203
milli maç arasından sonra galatasaray’ı zorlu bir fikstürün beklediğini daha önce dile getirmiştik. karşısında, senelerdir aynı teknik adam ile çalışan, takım olmayı (bu sezon oynadığı takımlara nazaran) başarabilmiş bir bursaspor vardı. bu verilere rağmen, ilk yarı galatasaray için fazlasıyla olumluydu.
türk telekom arena’daki kötü zemine rağmen, rakibini ilk yarı boyunca baskı altında tutmayı başardı galatasaray. fatih hoca bu maçta da kazanan 11′i bozmadı. bu davranış aslında gayet mantıklıydı şöyle ki; yeni kurulan bir takım olması, galatasaray’ın en büyük dezavantajı. takım içerisinde kimse kimseyi tanımıyor ve zaman zaman oyun içerisinde anlaşmazlıklar olabiliyor. 3 hafta üst üste aynı takımın sahada olması, onların aynı dili konuşabilmeleri açısından önemliydi.
geçmiş yıllara oranla kat be kat daha iyi bir fizik güce sahip galatasaray. zeminin kötü olması sahada güzel futboldan ziyade, fizik güce dayalı futbol görmemize sebep oldu. arena’da oynamanın avantajını, sahip olduğu fizik güç ile birleştirince; dinamik bir takım görüntüsü sergiledi galatasaray. ancak rakip kalede baskı kurmasına rağmen, gol pozisyonu bakımından sıkıntı çekti sarı-kırmızılılar. ankaragücü ve eskişehir maçlarına nazaran, oyunun kilidi selçuk’un kullandığı duran top ile açılamadı. burada devreye bireysel yetenekler girmeliydi. bu şekilde bakarsak engin, galatasaray’ın can simidi oldu.
gelen gol ve taraftar desteği ile ilk yarı galatasaray’ın hakimiyetinde geçti. galatasaray’ın ilk yarıda eksik yaptığı şey, bir gol daha bulmamasıydı. zira ilk beş hafta 60-70’lere kadar onları ayakta tutan kondisyonları bursaspor’a karşı bu kadar süre dayanamayabilirdi. bundaki en büyük pay da, hiç kuşkusuz zemine ait. diğer etken de, bursaspor’un en az galatasaray kadar hazır bir takım olması.

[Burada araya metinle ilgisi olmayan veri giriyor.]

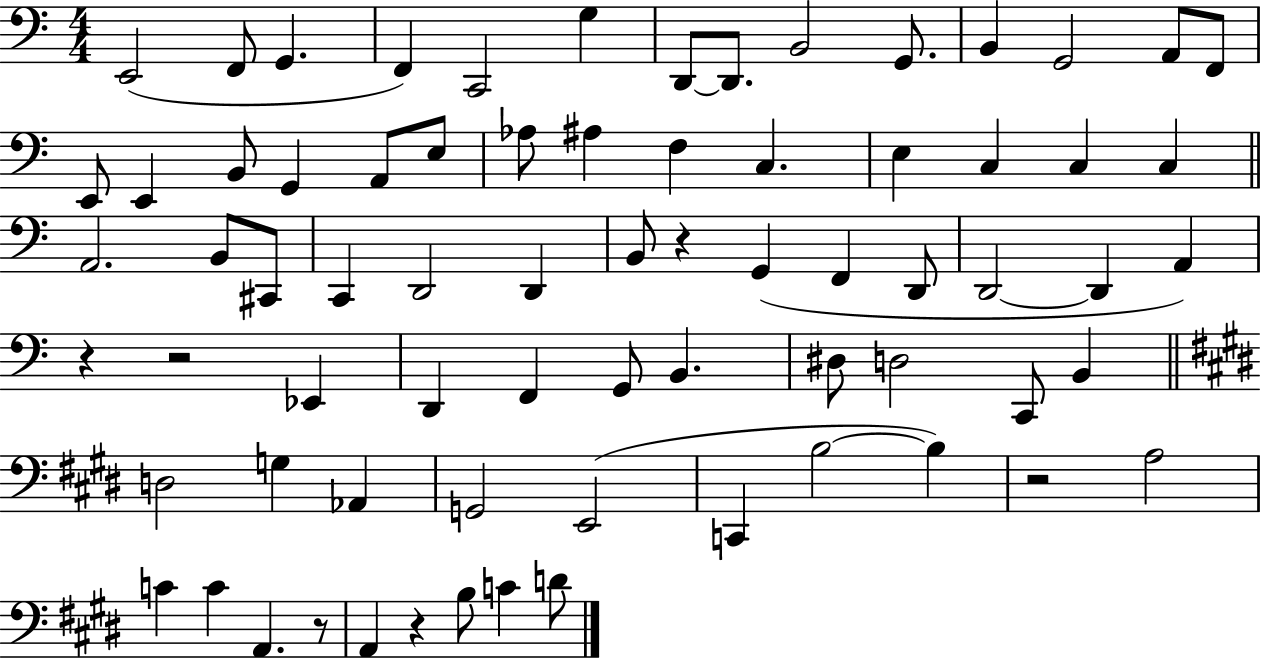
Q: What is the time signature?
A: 4/4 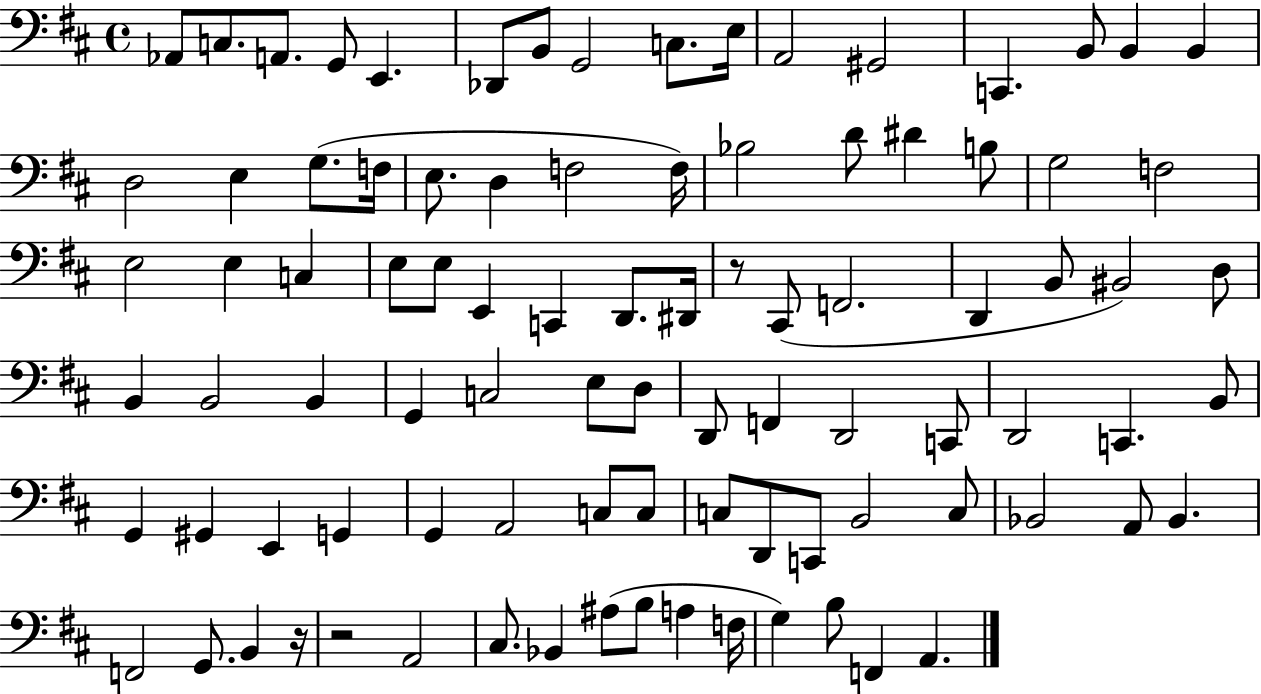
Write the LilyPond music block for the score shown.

{
  \clef bass
  \time 4/4
  \defaultTimeSignature
  \key d \major
  aes,8 c8. a,8. g,8 e,4. | des,8 b,8 g,2 c8. e16 | a,2 gis,2 | c,4. b,8 b,4 b,4 | \break d2 e4 g8.( f16 | e8. d4 f2 f16) | bes2 d'8 dis'4 b8 | g2 f2 | \break e2 e4 c4 | e8 e8 e,4 c,4 d,8. dis,16 | r8 cis,8( f,2. | d,4 b,8 bis,2) d8 | \break b,4 b,2 b,4 | g,4 c2 e8 d8 | d,8 f,4 d,2 c,8 | d,2 c,4. b,8 | \break g,4 gis,4 e,4 g,4 | g,4 a,2 c8 c8 | c8 d,8 c,8 b,2 c8 | bes,2 a,8 bes,4. | \break f,2 g,8. b,4 r16 | r2 a,2 | cis8. bes,4 ais8( b8 a4 f16 | g4) b8 f,4 a,4. | \break \bar "|."
}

ilk yarıda galatasaray için söylediklerimizin benzerini ikinci yarıda bursaspor için söyleyebiliriz. ikinci yarının mutlak hakimiydiler. ilk yarıda felipe melo, batalla’yı çok iyi kilitledi. ikinci yarı, nispeten biraz daha hareketliydi batalla ancak bu da bursaspor’un golü bulması için yeterli olmadı.
insua ve tagoe değişiklikleri, bursaspor’u daha tehlikeli bir hale getirdi. fatih terim’in bu hamlelere karşılık verme şansı çok azdı çünkü elinde olmayan nedenlerle değişiklik yapmak zorunda kalmıştı. enteresan bir pozisyonun ardından bursaspor golü buldu. enteresan diyorum, çünkü hem sercan’ın topu centilmenlik olsun diye taç yerine kornere atması hem de bu kullanılan kornerin gol olması, daha önce futbol sınırları içerisinde gördüğümüz bir şey değildi.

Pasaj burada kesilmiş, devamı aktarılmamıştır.